Direct measurement of temperature

by Neil Rickert

In an earlier post, I described the representation measurement of temperature.  In this post, I describe the direct method.  The contrast is intended to illustrate the distinction between representational theories of perception and direct theories of perception.  By using an example from science (or perception written big), we illustrate in a way that is easier to see.

The design of the instrument

The design is almost the same as described in the earlier post.  There is one addition.  The mercury column in the capillary tube is directly calibrated in temperature.  That is to say, there are graduation markings on the thermometer, from which we can directly read off the temperature.

How it works

It works in much the same way as the representational system, but without the computation.  We directly read off the temperature from the calibration scale on the capillary tube.  So no computation is required.  The physics is the same, but the computation can be skipped.

Knowledge and truth requirements

In the earlier post, I listed several knowledge and truth requirements.  None of those are requirements for direct measurement.  We required those in the representational measurement, because they provided the algorithm to be used in the computation, and the parameters for that algorithm.

Because there is no computation, there is no required knowledge to be used in a computational algorithm.  So all of those requirements disappear.

In place of those earlier requirements, we do need that the thermometer be correctly calibrated.  But even that might not be needed.  For the first thermometer ever made, we can use a completely ad hoc calibration scheme.  And then we can make that our standard, and require other thermometers to be consistent with that ad hoc standard.
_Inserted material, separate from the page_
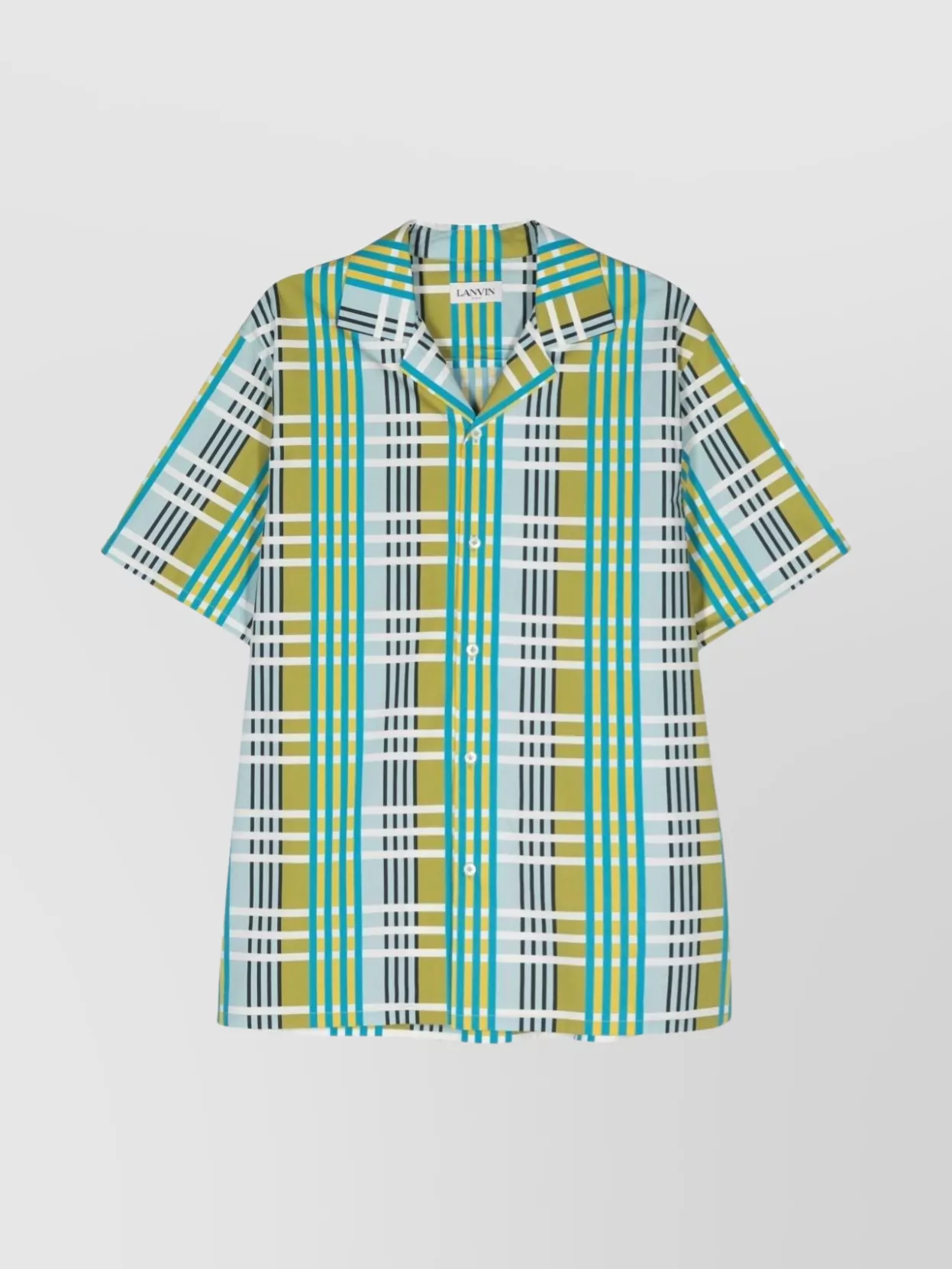 Shop Lanvin Camp Collar Checkered Shirt With Color Block Design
In other words, the requirements become that of consistency of the calibration over the various instruments that we might use for measuring temperature.  This is more of a pragmatic requirement than a truth requirement.

Plantinga’s EAAN

For the representational case, we saw that Plantinga’s EAAN (evolutionary argument against naturalism) amount to an argument that evolution could not meed the truth requirements.  For direct measurement, as we have seen, there are not truth requirements.  The only requirement is the pragmatic one of calibration consistency over the various measuring instruments.  Evolution is a pragmatic system.  So Plantinga’s argument has no sting.